My Swedish almond cake was first inspired by a baker https://www.poiresauchocolat.net. I tweaked the method, ingredients and topping, made this with spelt flour and in a small baking tin.
Takes = 20 minutes
Bakes = 40 minutes
Makes = 8-10 slices 20cm (8 inches) cake tin
- White Spelt Flour (or gluten-free flour) – 125g (3/4 cup + 2 tablespoons)
- Caster sugar – 100g (1/2 cup)
- Baking powder – 1 teaspoon
- Baking soda – 1/2 teaspoon
- Fine salt – 1/4 teaspoon
- Unsalted butter, softened – 75g (1/2 cup + just under 1 tablespoon)
- Large Eggs – 2
- Vanilla extract – 1 teaspoon
- Milk (oat milk or almond milk is ok too) – 70ml (1/4 cup + 1 tablespoon)
Crunchy Caramel Almond Topping
- Flaked almonds – 50g (1/2 cup)
- Unsalted Butter (or salted butter and leave out the salt) – 75g (1/3 cup)
- Light brown sugar – 75g (packed 1/3 cup)
- Milk – 25ml (6 teaspoons)
- Salt – 1/4 teaspoon
Preheat oven for 20 minutes before baking to 160˚C/320˚F fan-forced. Then grease a 20cm, 8" round springform tin and line the bottom with baking paper. I bake this on another baking tray to avoid any leaks from the springform tin.
WHISK flour, baking powder, baking soda, salt and sugar together. Slowly add in softened butter as you mix on low on a stand mixer with a paddle attachment or with your electric beaters. Then on medium for a few minutes until the butter is broken down into small pieces. This method is called reverse creaming.
ADD in the eggs one at a time, and mix until the egg yolk is dispersed this take about 20 seconds. Stop and scrape the bowl down as you go. Then add in vanilla and the milk and combine until smooth for about 30 seconds, be careful not to over-mix.
POUR into the prepared tin and bake for 25-30 minutes until golden brown and the top is firm (it needs to take the weight of the almonds). I think it is best to lower your oven tray to the lower third of your oven.
CARAMEL almond topping. Melt butter, brown sugar, milk in a small saucepan until bubbly and thick. Stir in the almonds and remove from the heat.
Once the cake is baked, remove the cake and turn the oven up to 180˚C fan, 200˚C. Spread over the almond caramel, then bake on a tray for an extra 10 minutes (in case your tin leaks).
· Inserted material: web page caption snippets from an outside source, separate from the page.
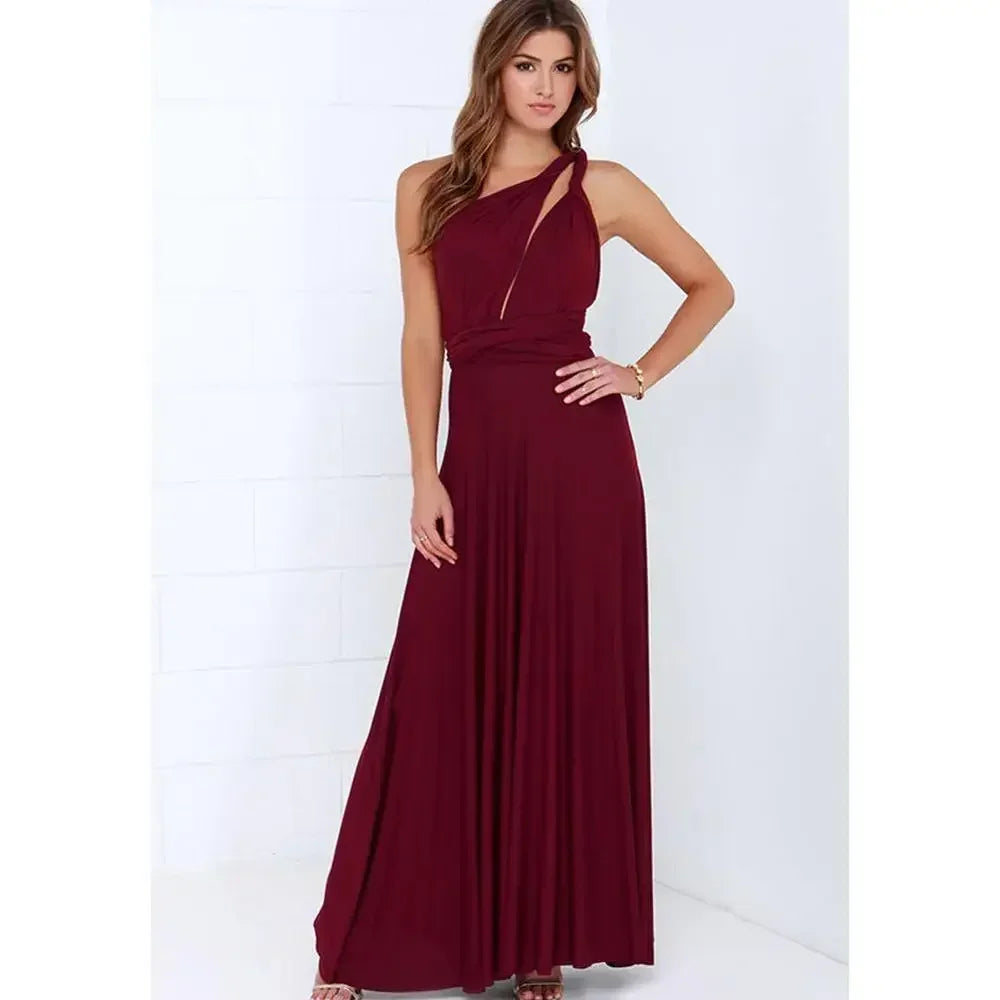 Abito Lungo Multiway Donna con Scollo a V – Vestito Trasformabile Elegante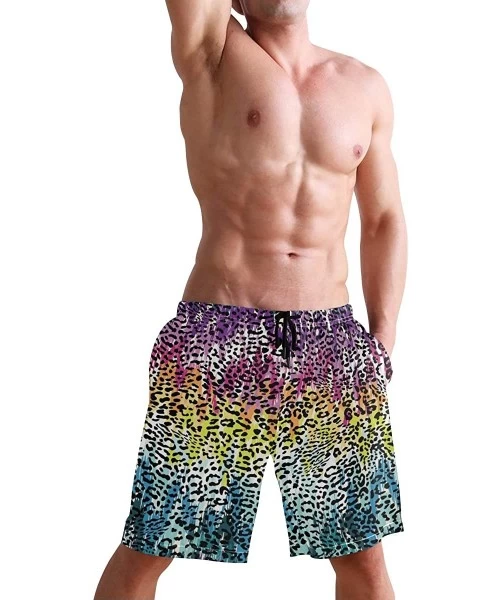 Trunks Colorful Leopard South Carolina Men's Swim Trunks Beach Shorts with Pockets - Colorful Leopard South Carolina - CL18Q5...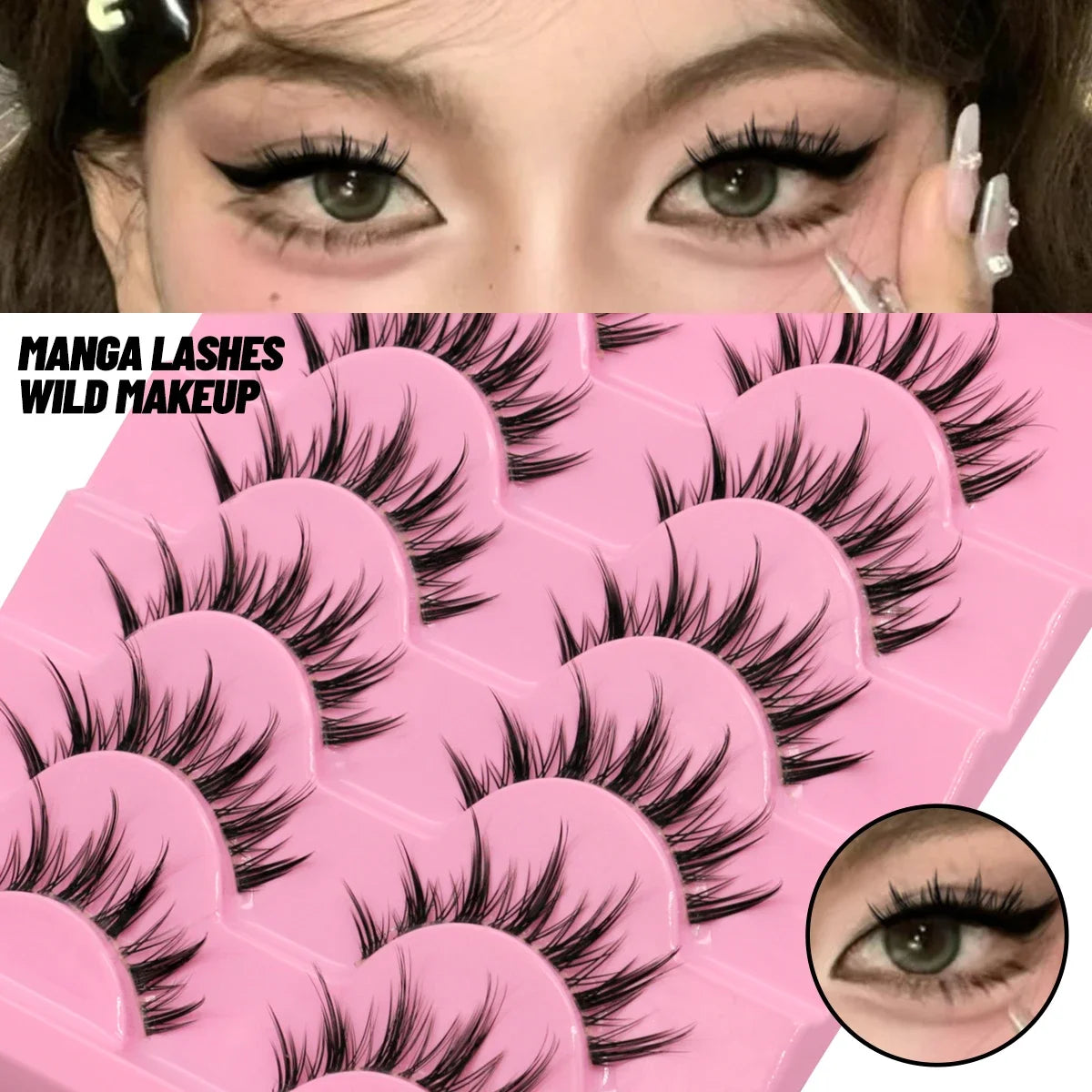 Veltrinay Natural False Eyelashes Manga Lashes 3d Faux Mink Lashes Look Realistic Soft Cross Lashes Fake Lashes Makeup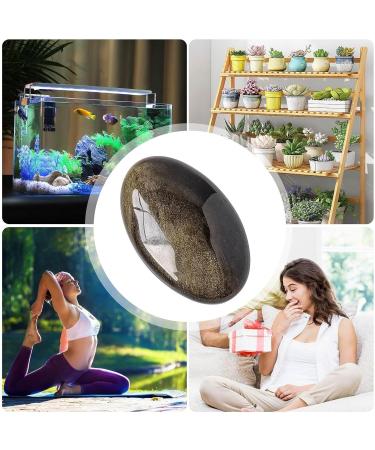 Obsidian Crystal | Meditation Reiki Energy Stone - Natural Tumbled Polished Crystals Stones Tiger Eye Oval Palm Pocket Stones Meditation Reiki Energy Stone - Buy Online on GoSupps.com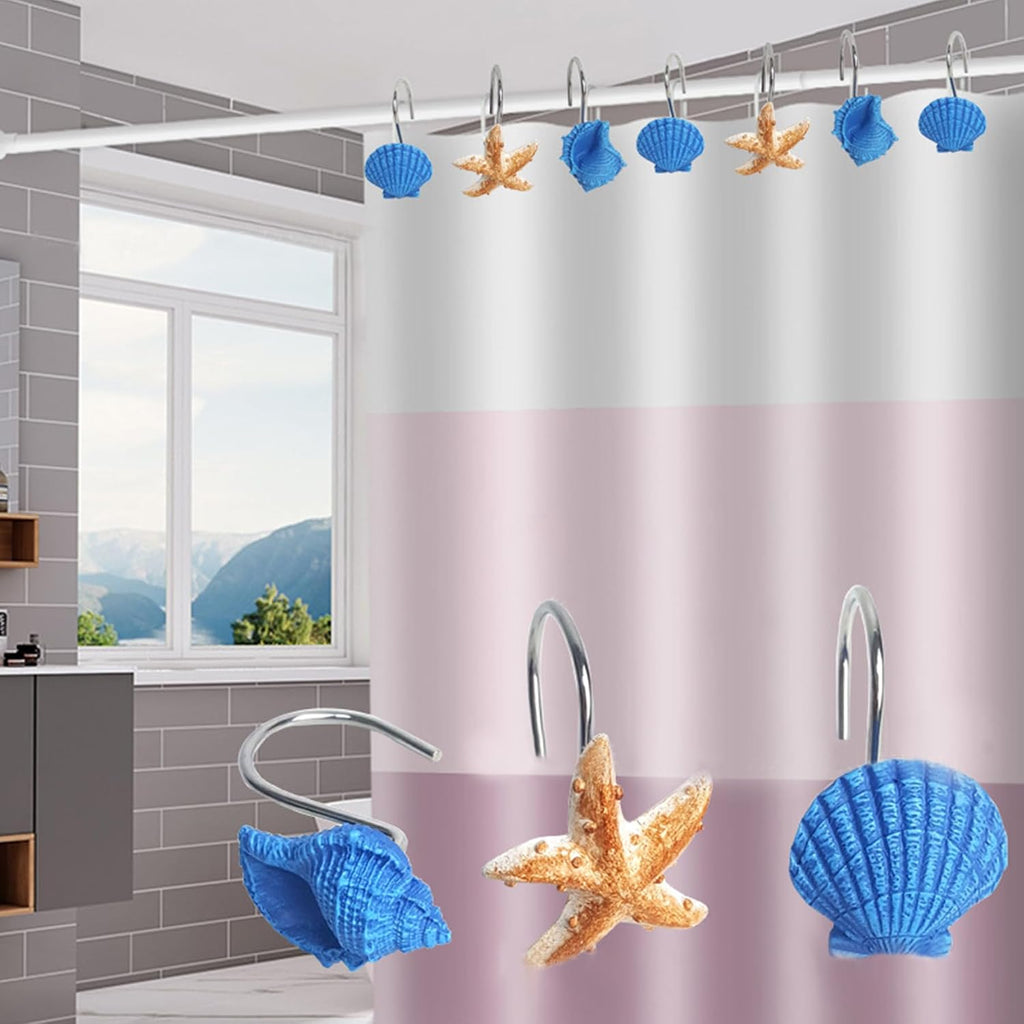 12PC Coastal Blue Shower Curtain Hooks Rings with Starfish Seashell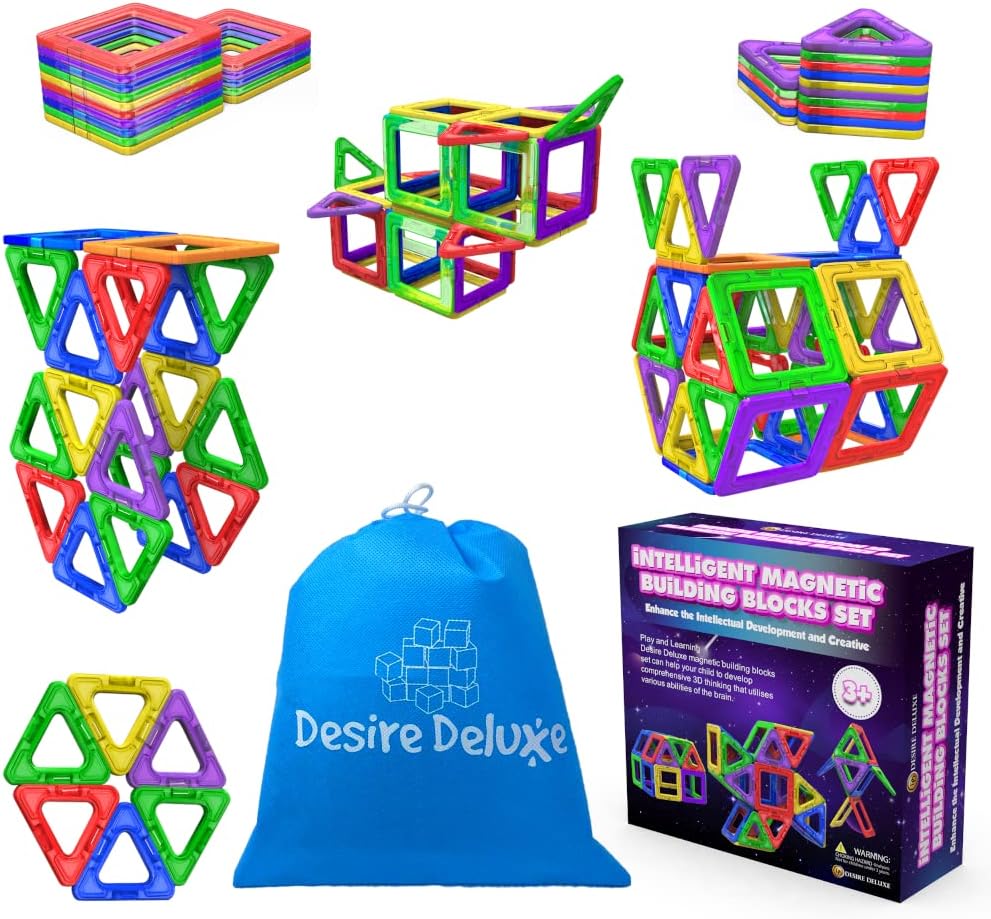 Desire Deluxe Magnetic Building Blocks 30pc Construction Toys Set for Kids Game STEM Creativity Educational Magnets Toy Blocks for Boys Girls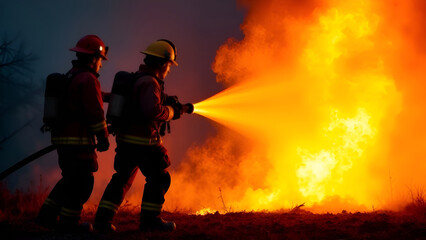 Two courageous firefighters are actively spraying water onto a raging fire to control the flames and prevent further damage to the area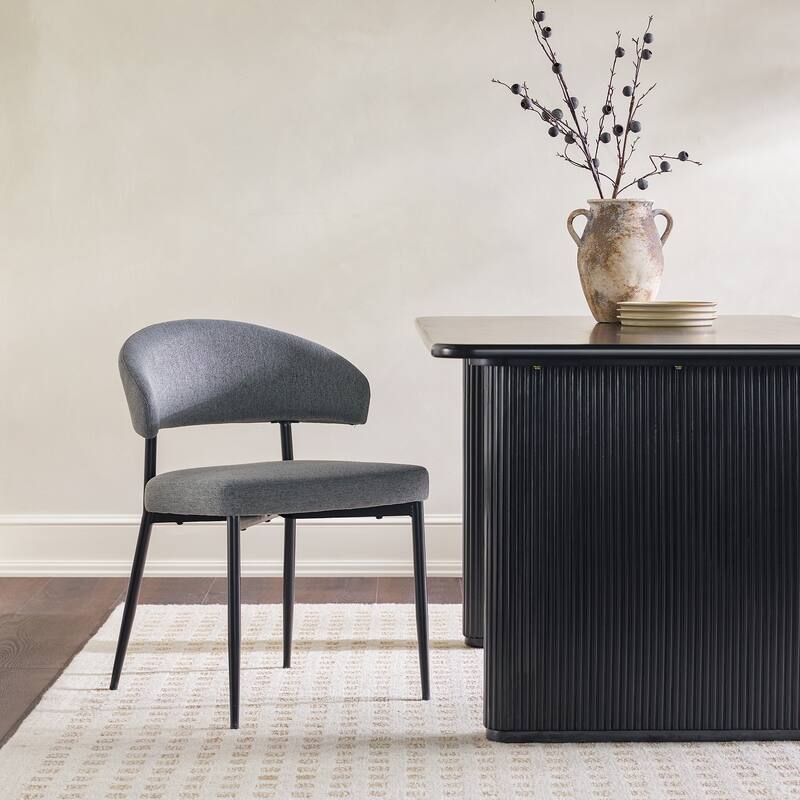 Middlebrook Designs Curved Back Upholstered Dining Chair (Set of 2)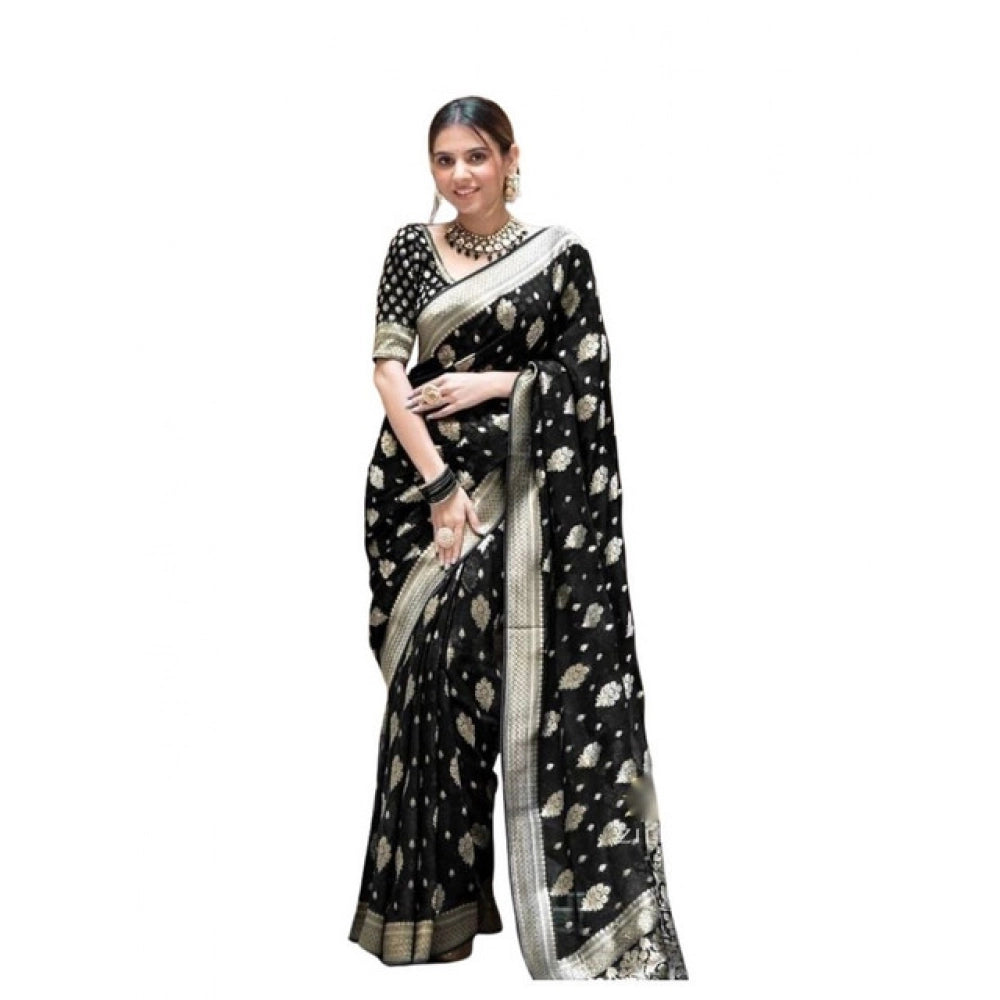 Seduva Women's Soft Lichi Silk Printed Saree With Unstitched Blouse 5.5Mtr (Black)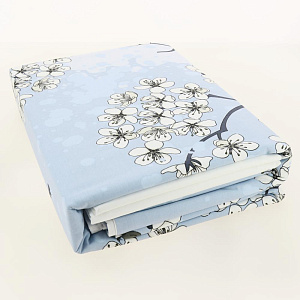 Комплект постельного белья евро LUCKY Весенний сад 2наволочки70х70см 1пододеяльник215х220см 1простыня220х240см голубой поплин 100%хлопок 000000000001206536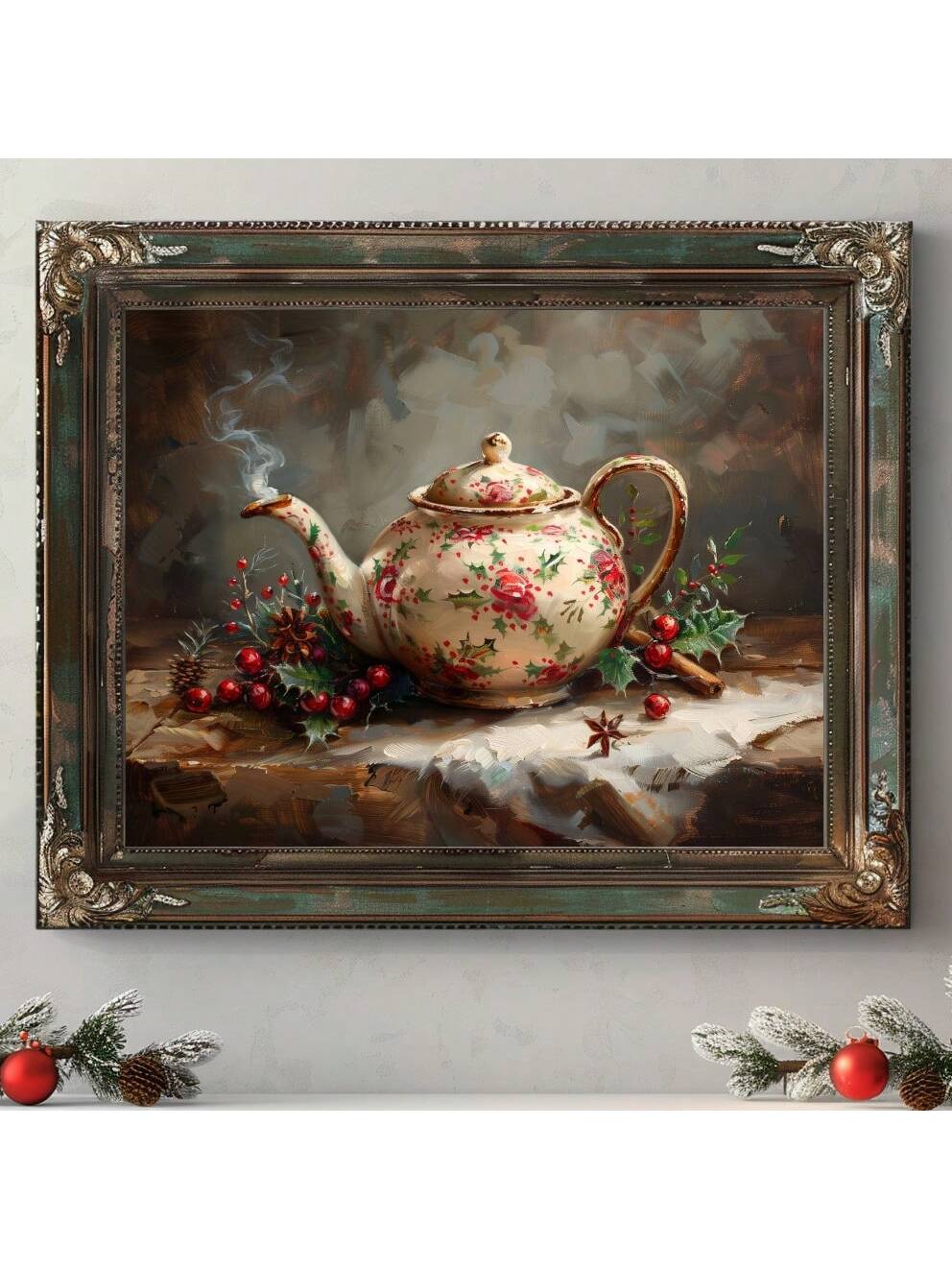 Brew up some holiday cheer with this delightfully quirky vintage Christmas teapot canvas art! Perfect for adding a cozy, nostalgic touch to your kitchen, dining room, or any space craving festive flair. This charming framed piece combines whimsical holiday spirit with retro charm, making it an instant conversation starter. Whether you're a tea lover, vintage enthusiast, or holiday decorator, this playful artwork brings warmth and character to your walls. Ideal for creating that perfectly curated, lived-in h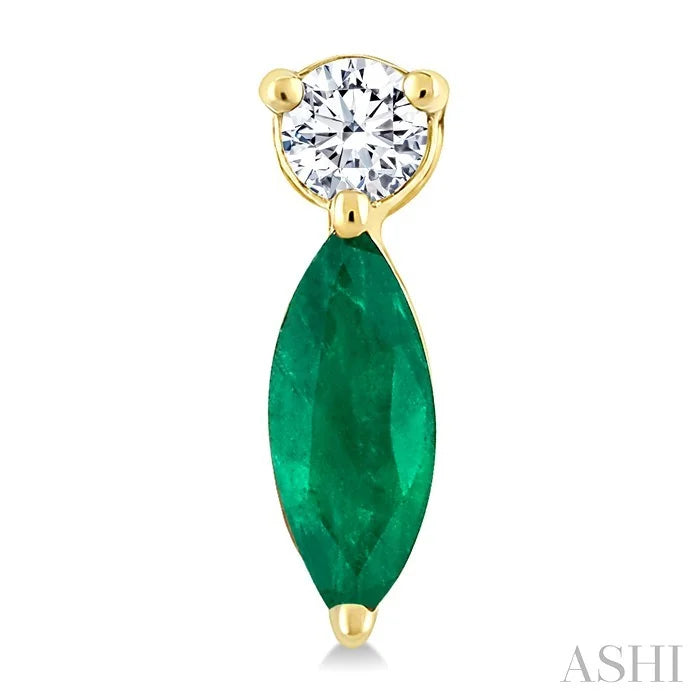 Marquise Shape Gemstone & Petite Diamond Earrings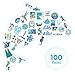 Cool Vsco Stickers for Water Bottles, Big 100Pcs Laptop Stickers for Hydro Flask Luggage, Trendy Aesthetic Blue Waterproof Vinyl Stickers Pack for Teens Kids Adults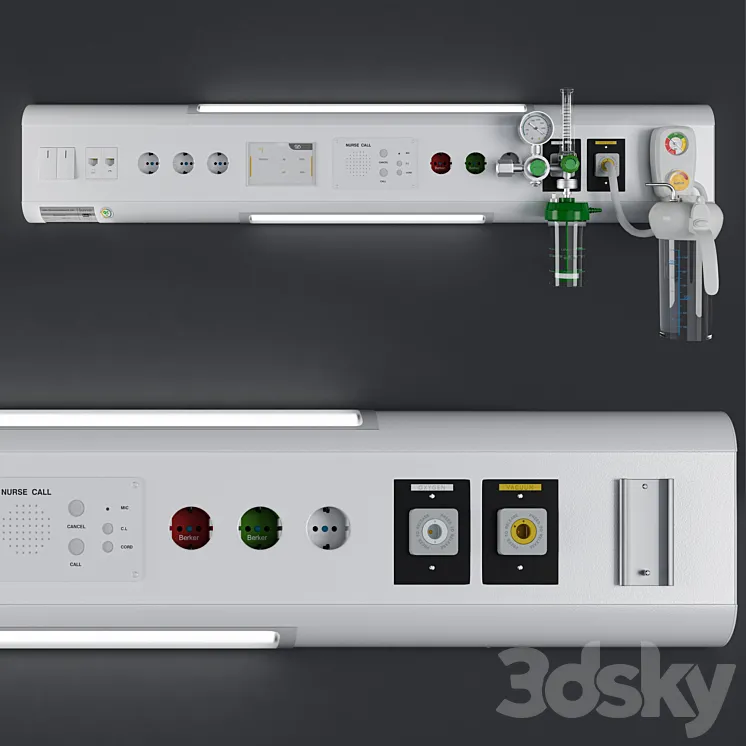Over bed console unit - Hospital Equipment 22 3D Model Free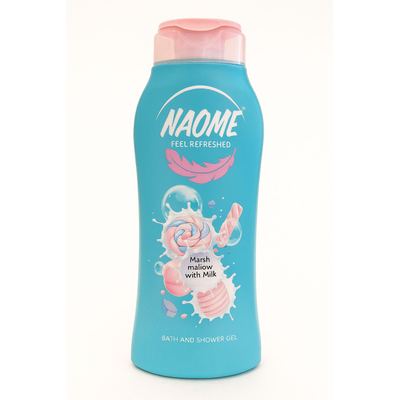 NAOME Feel Refreshed – جل استحمام برائحة المارشميلو مع الحليب 	يمنح بشرتك تنظيفاً ناعماً ورائحة سكرية دافئة كالمارشميلو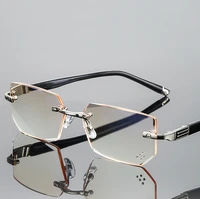 diamond cut reading glasses women men high quality ultralight rimless commercial anti blu anti fatigue 0 75 1 1 25 1 5 to 4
If the almonds have slid down to the edge of the cake, gently scrape back while the cake is still warm. Allow cool for 10 minutes on the bench, then remove the outside cake ring, you may need to use a silicone spatula to release the cake gently from the edge. Then allow the cake to cool for at least an hour. It is better served at room temperature once it has cooled. Or if you can't wait serve the cake warm with vanilla ice cream. It will keep moist in a sealed container for 2-3 days at room temperature. We love this cake with vanilla ice cream, but also perfect on its own for FIKA, morning or afternoon tea. Or even a sneaky breakfast cake (shhh, don't tell my mum).